Perhaps some other variable is involved in addition to Ca2+?

It turns out that inhibition of NO production (L-NAME) will protect cells from glutamate toxicity and suppresses the mitochondrial response. Further, addition of exogenous NO under conditions in which Ca2+ is not toxic (i.e. to high K+) will cause mitochondrial depolarisation.

The interesting problem here, is that neuronal nitric oxide synthase (nNOS) is a Ca2+ dependent enzyme. So, if the K+ and glutamate both cause a similar rise in [Ca2+]i why do they both not cause  a similar production of NO???.

The answer was apparently provided very recently in a paper in Science (Sattler et al, below) which showed that nNOS is held in place closely localised with the NMDA receptor by a protein (called psd - post-synaptic density-) 95, a so-called scaffolding protein. This means that the nNOS will be exposed to microdomains of very high calcium concentration as it comes into the cell through the NMDA gated channel, while the enzyme nNOS will only experience the rather more diluted Ca2+ signal  when the [Ca2+]i is raised by depolarisation with K+, even though the average [Ca2+]i through the cell is the same in the two cases.
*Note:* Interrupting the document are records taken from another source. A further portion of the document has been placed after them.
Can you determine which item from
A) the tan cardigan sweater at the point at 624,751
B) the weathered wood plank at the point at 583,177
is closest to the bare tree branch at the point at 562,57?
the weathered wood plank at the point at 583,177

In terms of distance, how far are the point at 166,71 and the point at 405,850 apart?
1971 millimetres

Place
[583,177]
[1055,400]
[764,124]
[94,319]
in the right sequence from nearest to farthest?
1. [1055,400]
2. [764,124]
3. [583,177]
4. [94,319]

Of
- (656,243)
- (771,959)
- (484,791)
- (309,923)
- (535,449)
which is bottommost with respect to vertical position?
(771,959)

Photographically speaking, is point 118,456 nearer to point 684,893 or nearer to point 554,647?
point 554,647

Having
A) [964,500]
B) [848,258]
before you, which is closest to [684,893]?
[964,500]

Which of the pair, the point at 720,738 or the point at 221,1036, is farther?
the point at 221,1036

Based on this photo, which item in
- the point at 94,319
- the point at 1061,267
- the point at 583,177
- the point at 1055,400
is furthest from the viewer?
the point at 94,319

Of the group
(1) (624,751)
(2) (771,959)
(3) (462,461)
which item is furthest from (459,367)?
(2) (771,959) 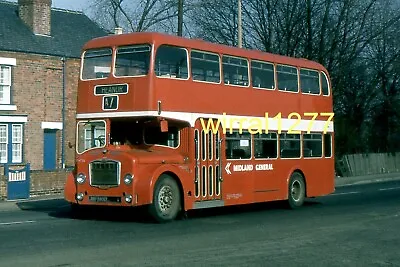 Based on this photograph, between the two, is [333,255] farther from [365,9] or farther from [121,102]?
[365,9]

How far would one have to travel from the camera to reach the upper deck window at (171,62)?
56.6 feet

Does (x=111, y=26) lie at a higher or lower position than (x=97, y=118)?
higher

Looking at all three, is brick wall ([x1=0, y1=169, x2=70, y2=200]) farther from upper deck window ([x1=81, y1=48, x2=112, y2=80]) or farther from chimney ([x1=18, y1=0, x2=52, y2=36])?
upper deck window ([x1=81, y1=48, x2=112, y2=80])

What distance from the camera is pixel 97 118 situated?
17.7 m

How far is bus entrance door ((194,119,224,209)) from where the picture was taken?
18.2 m

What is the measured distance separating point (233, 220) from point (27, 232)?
518 centimetres

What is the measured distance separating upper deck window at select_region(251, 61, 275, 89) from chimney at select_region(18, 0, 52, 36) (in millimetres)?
17618

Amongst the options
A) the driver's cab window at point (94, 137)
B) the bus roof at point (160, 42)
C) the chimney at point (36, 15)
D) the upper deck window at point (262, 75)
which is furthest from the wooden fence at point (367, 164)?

It is also clear that preventing mitochondrial calcium uptake in response to glutamate is protective, and so mitochondrial Ca2+ uptake seems to trigger the downstream processes that lead to cell death. One possibility is that Ca2+ uptake triggers a mitochondrial patjology called the permeability transition pore (PTP). There is great interest in this now, as the PTP has been implicated in apoptosis, will cause collapse of Dym and so failure of oxidative phosphorylation, and also has pharmacological modulators, so that it becomes accessible as a therapeutic target.

There is still much that we don't fully understand. What is the basis for the loss of mitochondrial membrane potential? What determines whether the cells will go on to die by apoptosis or by necrosis? Are there other participants in this cell death cascade - free radicals, for example?

It seems likely in some of the neurodegenerative disorders, this kind of process is going on in the brain to cause the gradual attrition of neurons which are for some reason sensitised to glutamate. Cells die like this in response to beta-amyloid (found in Alzheimer's) in response to the AIDS virus coat protein gp120 (implicated in AIDS dementia). Similar mechanisms underlie cell death in the CNS following perinatal asphyxia or the brain damage that follows a cardiac arrest. Almost certainly similar processes take place in the heart or kidney following infarction or ischaemic injury. So, being able to understand the fundamental events that lead to cell death raises the possibility that we may be able to manipulate these processes systematically one day in people to help avoid disease and considerable human suffering.